Anta is a small village in Anta District, Carhuaz Province, Ancash Region, Peru. It is the district's capital, and lies 9.1 km to the north of the village of Quillo.

Transportation 
The village is home to the airport serving the regional capital of Huaraz, Huaraz Province, which is on the Santa River  to the southeast. Comandante FAP Germán Arias Graziani Airport is north of the village and has scheduled service from domestic carrier LC Perú to the international airport in Lima, the national capital.
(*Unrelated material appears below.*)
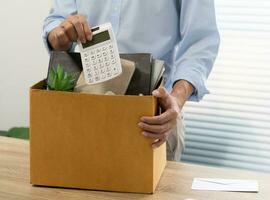 affaires homme Envoi en cours démission lettre et emballage des trucs démissionner déprimer ou porter affaires papier carton boîte par bureau dans bureau. changement de emploi ou mis à la porte de entreprise photo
The airport was created by the U.S. Air Force in June 1970. The decision was made that the dirt road going through Anta would be the best bet for possible landings so Ssgt Eubanks and Sgt Holmes deployed to Anta and began work to convert that dirt road into a runway that would eventually become the Anta Airport.
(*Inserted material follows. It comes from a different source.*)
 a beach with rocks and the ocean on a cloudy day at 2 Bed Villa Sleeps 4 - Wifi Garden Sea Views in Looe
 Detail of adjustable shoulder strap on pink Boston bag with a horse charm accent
After the May 31, 1970, earthquake, the 39th Tactical Airlift Squadron on rotational duty at Howard AFB, Canal Zone sent C-130's to Lima to support the relief efforts.  Upon arriving at Lima Colonel Beckett (the squadron commander), Ssgt Richard Eubanks and Sgt Leonard Holmes (both Combat Controllers), Mrs. Consuelo de Velasco (Peru's first lady) and US Ambassador Taylor Belcher flew over the disaster area to survey the damage and determine the best method to reach the area.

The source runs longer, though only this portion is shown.